项目作者: yinlixiang

项目描述 :
Learn Cpython Internals
高级语言:
项目地址: git://github.com/yinlixiang/Python_VM.git
创建时间: 2019-04-23T21:09:24Z
项目社区:https://github.com/yinlixiang/Python_VM

开源协议:GNU General Public License v3.0

下载


Cpython 源码阅读

Python Grammar

Python Grammar:
介绍Python语法、编译执行过程及Cypython架构UML图

Python 源码执行过程

https://hackmd.io/s/ByMHBMjFe

repo: https://github.com/python/cpython/tree/29d018aa63b72161cfc67602dc3dbd386272da64

  1. Main [Programs/python.c]
  2. => Py_Main [Modules/main.c]
  3. => pymain_main
  4. => pymain_init
  5. => _PyRuntime_Initialize
  6. => _Py_InitializeFromWideArgs
  7. => init_python
  8. => _Py_InitializeMainInterpreter
  9. => _Py_RunMain
  10. => PyRun_AnyFileExFlags
  11. => PyParser_ASTFromFileObject
  12. => PyParser_ParseFileObject
  13. => PyTokenizer_FromFile
  14. => parsetok: for (;;) {PyTokenizer_Get}
  15. => PyAST_FromNodeObject
  16. => run_mod
  17. => PyAST_CompileObject
  18. => PySymtable_BuildObject:
  19. symtable_visit_stmt(st,stmt_ty) for stmt_ty in asdl_seq
  20. => compiler_mod
  21. => compiler_enter_scope
  22. => compiler_body:
  23. VISIT(c, stmt, stmt_ty) for stmt_ty in asdl_seq
  24. => compiler_exit_scope
  25. => assemble
  26. => run_eval_code_obj
  27. => PyEval_EvalCode
  28. => PyEval_EvalCodeEx
  29. => _PyEval_EvalCodeWithName
  30. => _PyFrame_New_NoTrack
  31. => PyEval_EvalFrameEx
  32. => eval_frame
  33. => _PyEval_EvalFrameDefault:
  34. main_loop

Design of CPython’s Compiler

https://cpython-devguide.readthedocs.io/compiler

Compiler process:

  1. Parse source code into a parse tree (Parser/parsetok.c)
  2. Transform parse tree into an Abstract Syntax Tree (Python/ast.c)
  3. Transform AST into a Control Flow Graph (Python/compile.c)
  4. Emit bytecode based on the Control Flow Graph (Python/compile.c)

Excution:

  1. Executes byte code (Python/ceval.c)

Parse Trees

an LL(1) parser: Compilers: Principles, Techniques, and Tools

Python grammar: Grammar/Grammar Include/graminit.h

Python tokens: Grammar/Tokens Include/token.h

The parse tree: Include/node.h

  • CHILD(node *, int)
  • RCHILD(node *, int)
  • NCH(node *): Number of children
  • STR(node *)
  • TYPE(node *)
  • REQ(node *, TYPE)
  • LINENO(node *)

Parser/parsetok.c

  • parsetok

Abstract Syntax Trees (AST)

The Zephyr Abstract Syntax Description Language - Princeton CS

Python AST nodes: Parser/Python.asdl Parser/asdl.py

Python/asdl.c Include/asdl.h

Python/Python-ast.c Include/Python-ast.h

xxx_ty: AST node

asdl_seq *: a sequence of AST nodes

  • _Py_asdl_seq_new(Py_ssize_t, PyArena *)
  • asdl_seq_GET(asdl_seq *, int)
  • asdl_seq_SET(asdl_seq *, int, stmt_ty)
  • asdl_seq_LEN(asdl_seq *)

Memory Management

an arena: a memory is pooled in a single location for easy allocation and removal.

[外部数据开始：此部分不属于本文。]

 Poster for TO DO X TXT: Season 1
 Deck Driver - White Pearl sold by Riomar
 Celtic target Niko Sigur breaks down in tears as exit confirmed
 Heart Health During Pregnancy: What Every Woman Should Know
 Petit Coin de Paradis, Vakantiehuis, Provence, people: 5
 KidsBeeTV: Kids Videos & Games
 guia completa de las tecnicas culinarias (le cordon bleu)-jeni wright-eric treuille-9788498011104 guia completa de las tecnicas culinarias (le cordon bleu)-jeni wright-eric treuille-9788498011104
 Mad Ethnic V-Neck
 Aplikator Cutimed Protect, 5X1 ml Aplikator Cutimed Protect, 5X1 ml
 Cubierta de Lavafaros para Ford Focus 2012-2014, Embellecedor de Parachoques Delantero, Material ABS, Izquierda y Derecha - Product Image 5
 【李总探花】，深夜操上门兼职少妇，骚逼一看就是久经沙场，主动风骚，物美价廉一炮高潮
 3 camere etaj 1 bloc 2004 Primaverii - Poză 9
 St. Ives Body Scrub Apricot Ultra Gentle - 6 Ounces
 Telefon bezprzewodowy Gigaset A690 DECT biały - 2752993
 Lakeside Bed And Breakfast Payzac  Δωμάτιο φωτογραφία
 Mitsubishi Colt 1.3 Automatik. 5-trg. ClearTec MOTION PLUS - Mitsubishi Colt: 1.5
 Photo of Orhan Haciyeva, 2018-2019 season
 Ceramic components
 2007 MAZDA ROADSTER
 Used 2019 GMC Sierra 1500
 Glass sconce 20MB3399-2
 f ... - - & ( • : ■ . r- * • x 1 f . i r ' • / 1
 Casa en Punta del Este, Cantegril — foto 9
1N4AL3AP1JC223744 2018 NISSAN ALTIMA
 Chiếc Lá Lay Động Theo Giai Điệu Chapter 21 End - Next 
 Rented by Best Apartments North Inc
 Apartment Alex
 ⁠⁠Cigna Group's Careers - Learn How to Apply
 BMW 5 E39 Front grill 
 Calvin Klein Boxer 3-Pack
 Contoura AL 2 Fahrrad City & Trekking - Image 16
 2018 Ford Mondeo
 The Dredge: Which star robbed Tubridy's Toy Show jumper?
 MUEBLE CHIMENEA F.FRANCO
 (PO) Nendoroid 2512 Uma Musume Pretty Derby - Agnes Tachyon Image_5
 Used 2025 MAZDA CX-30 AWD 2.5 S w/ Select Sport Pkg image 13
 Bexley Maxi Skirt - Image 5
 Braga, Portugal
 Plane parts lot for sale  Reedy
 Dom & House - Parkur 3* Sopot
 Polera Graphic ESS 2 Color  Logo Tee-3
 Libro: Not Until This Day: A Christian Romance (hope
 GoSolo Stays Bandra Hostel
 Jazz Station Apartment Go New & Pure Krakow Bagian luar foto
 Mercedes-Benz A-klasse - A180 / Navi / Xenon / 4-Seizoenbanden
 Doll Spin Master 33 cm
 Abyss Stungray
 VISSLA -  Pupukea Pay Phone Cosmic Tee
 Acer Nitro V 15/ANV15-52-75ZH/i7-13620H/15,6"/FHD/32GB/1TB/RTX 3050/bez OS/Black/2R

Include/pyarena.h Python/pyarena.c

PyArena structure

  • PyArena_New()
  • PyArena_Free()
  • PyArena_AddPyObject()

Parse Tree to AST

Python/ast.c

  • PyAST_FromNode()
    • PyAST_FromNodeObject()
      • ast_for_xxx => xxx_ty

Control Flow Graphs (CFG)

a directed graph: models the flow of a program using basic blocks

Python bytecode: intermediate representation (IR)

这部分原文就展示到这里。